Avançando na luta de combate à pobreza e distribuição
de renda, a MMM prepara uma campanha pelo aumento do salário
mínimo, pois a maioria das mulheres trabalhadoras tem
rendimentos com valor de até dois salários mínimos.
A referência de cálculo do que deveria ser o
salário mínimo na legislação brasileira
se baseia nas necessidades de uma família em que uma
só pessoa trabalha com remuneração, provavelmente
o marido, o provedor. A MMM propõe uma outra referência
de cálculo relacionada ao PIB per capita, tendo como
eixo a estrutura salarial o valor do maior e menor
salário e a distribuição desigual da
renda.
O movimento feminista vem priorizando ações
focalizadas, dirigidas a grupos alvos, como, por exemplo,
mulheres chefes de família. A MMM parte da avaliação
de que uma política universal como o aumento
real do salário mínimo terá um
maior impacto no combate à pobreza entre as mulheres,
principalmente as chefes de família.
Construindo alternativas
A Marcha Mundial das Mulheres atua buscando enfrentar as causas
da opressão das mulheres e suas manifestações
mais drásticas que são a pobreza e a violência.
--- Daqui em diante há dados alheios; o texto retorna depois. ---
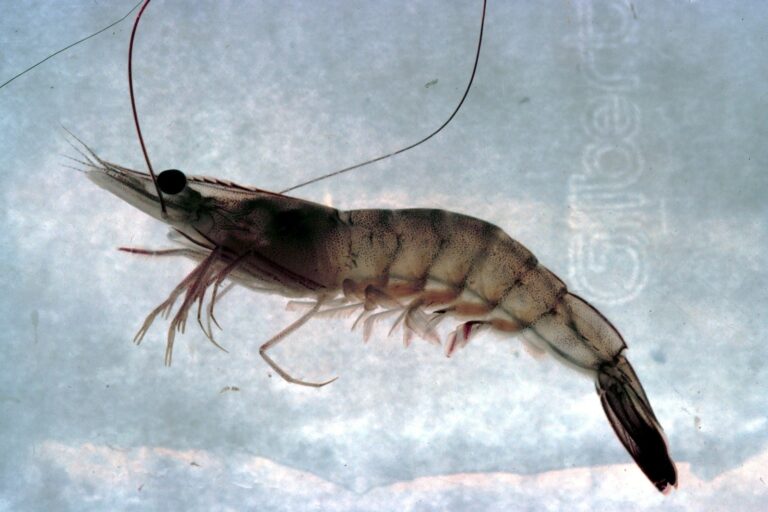 SC shrimp baiting season opens with 60-day window
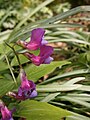 Lathyrus vernus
Mudanças no curto prazo são necessárias
e pressupõem grandes mobilizações para
ampliar o acesso à renda, à terra e ao poder.
Porém, não acreditamos que seja possível
uma absoluta igualdade entre mulheres e homens dentro do atual
sistema político e econômico dominante.
Na construção de um novo paradigma buscamos
rever a idéia de que é o mercado o eixo organizador
de toda atividade econômica para Ter no centro a reprodução
social, o bem-estar e a felicidade das pessoas, o que pressupõe
uma outra concepção de riqueza, produção
e consumo.
Nossas reivindicações expressam uma outra concepção
de trabalho e de seu lugar na economia. As políticas
públicas, a disputa de idéias na sociedade e
nos movimentos sociais devem buscar a redução
e a distribuição do tempo de trabalho para que
todas e todos tenham acesso ao mesmo. O trabalho invisível
da mulher deve ser reconhecido na esfera pública formal,
o que significa também considerar o conhecimento tradicional
e experiências adquiridas fora da esfera econômica
dominante.
A atividade produtiva permite à sociedade reproduzir
as condições materiais de vida e às pessoas
participar no intercâmbio econômico, mas não
é a única atividade humana essencial à
vida. O trabalho deve se conciliar com outras atividades humanas
igualmente essenciais: familiares, amigáveis, amorosas,
que inscrevem as pessoas em outras lógicas, outros
tipos de laços e de sociabilidade; atividades políticas
de participação e decisão das condições
cotidianas de vida e bens comuns; atividades culturais. É
necessário que a economia e a política garantam
a mulheres e homens o poder de conciliar estas atividades.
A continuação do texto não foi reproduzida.